Il était une fois une petite fille de onze ans qui s'appelait Miquette et qui vivait bien heureusement avec sa très jolie et gentille maman dans une petite maison, un peu à l'écart. Elles...
– ... ?
Non ! Comme ça arrive souvent (surtout dans les histoires de Gudule, alias Anne Duguêl, ou l'inverse)...le papa avait fichu le camps, il y a fort longtemps...
Donc, elles passaient des journées agréables entre filles en compagnie du chien Titus et avec la grand-tante de Miquette qui leur rendait (un peu trop) régulièrement visite. Tante Madeleine était une vieille bique croulante de 80 balais qui croyait encore pouvoir séduire des hommes ayant la moitié de son âge. Elle tombait amoureuse de Tu-Ahn, un acupuncteur vietnamien qui savait accomplir des miracles avec ses aiguillons. Mais à partir du jour où ce piqueur de maux était invité chez Miquette et sa maman...leur vie partait en ridements et lambeaux...

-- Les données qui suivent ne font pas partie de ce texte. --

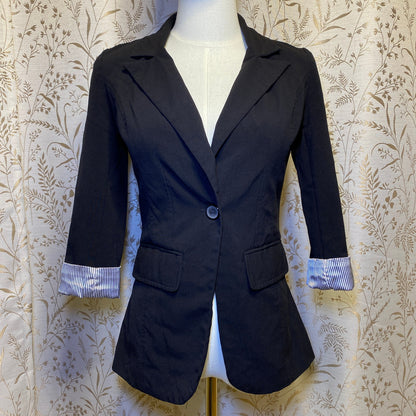 Iz Byer Black Fitted Blazer XS Dark Academia Office Siren Minimalist Corporate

C'est Miquette qui raconte son histoire à la première personne. Miquette, aussi bien emmurée dans son mutisme et son univers intérieur que dans l'institution où elle a atterri après un violent traumatisme.
Le psi Quiquequoi essaie bien de faire revenir Miquette dans le monde des sentiments refoulés exprimés, mais la petite fille ne se confie qu'à son copain Gogol (un garçon trisomique) et à ses araignées qu'elle élève dans le but de pouvoir revenir dans le "Avant...".
Dans un langage et un style délibérément enfantin, on suit, captivé par cette longue nouvelle aux éclats fantastiques et à l'ambiance glauque, Miquette dans la descente de l'enfer du paraître et de la convoitise.
On prend cette gamine, certes un peu naïve pour son âge, en pitié, d'autant qu'on se demande jusqu'à la finale lugubre si le récit que nous narre la fillette reflète bien la réalité ?
Ne dit-on pas qu'on peut aussi les trouver au plafond...les araignées ?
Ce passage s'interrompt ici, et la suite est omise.